● **Activity**
Word for word, output the data, with none of its pictures.

━━ Raw data ━━

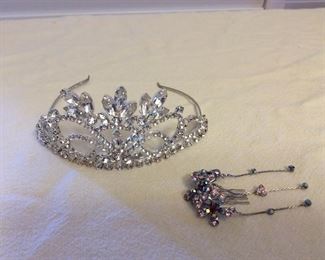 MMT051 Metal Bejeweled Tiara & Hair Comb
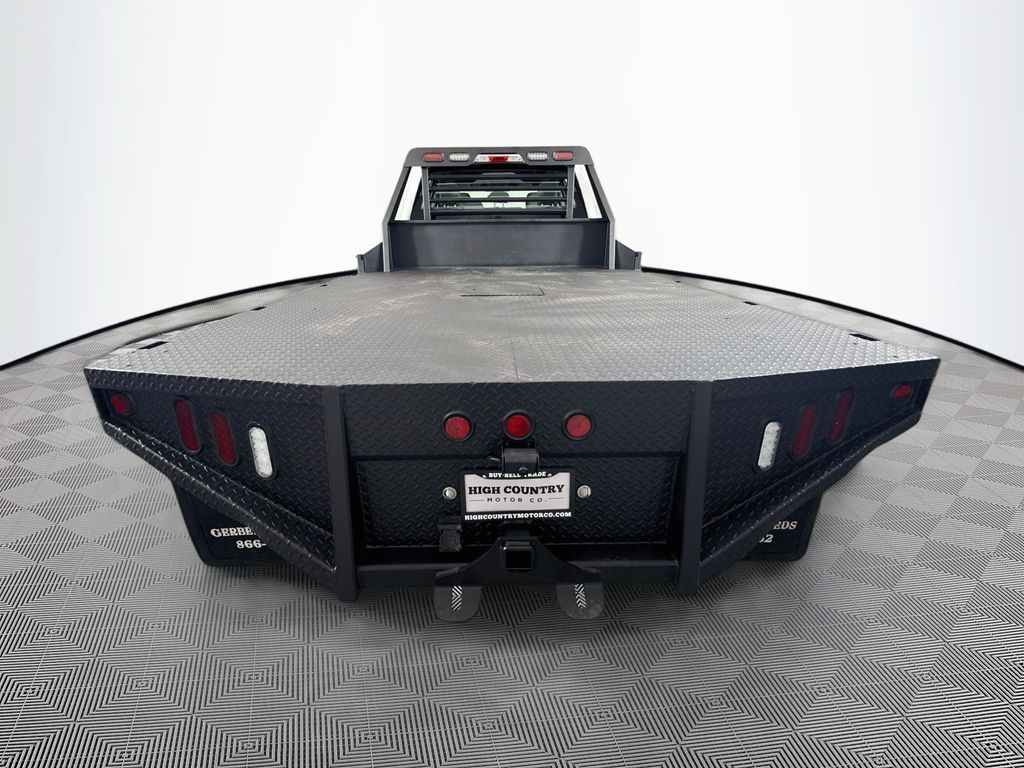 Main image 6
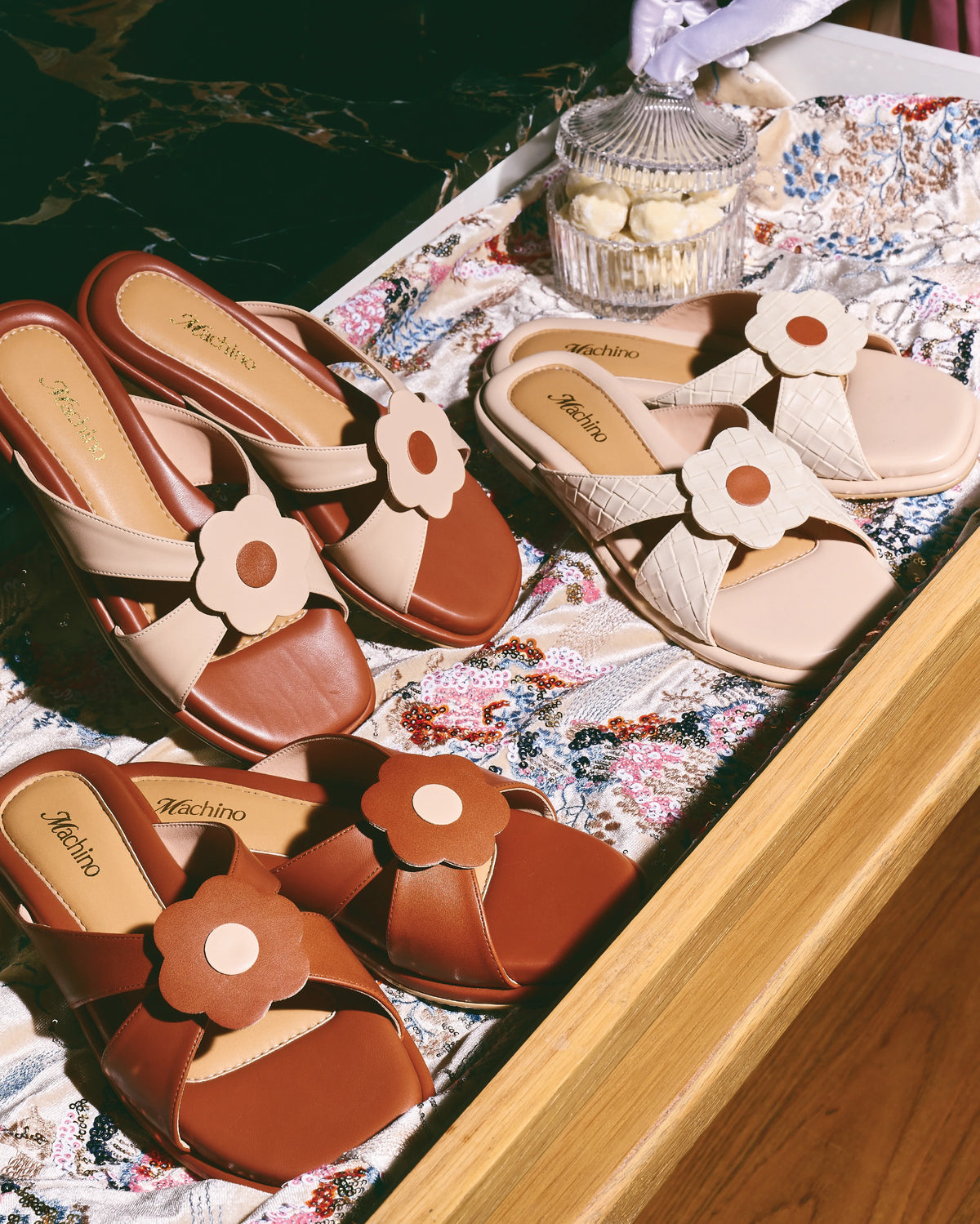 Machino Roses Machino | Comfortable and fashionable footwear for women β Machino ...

━━━

● **The answer**
 MMT051 Metal Bejeweled Tiara & Hair Comb
 Main image 6
 Machino Roses Machino | Comfortable and fashionable footwear for women β Machino ...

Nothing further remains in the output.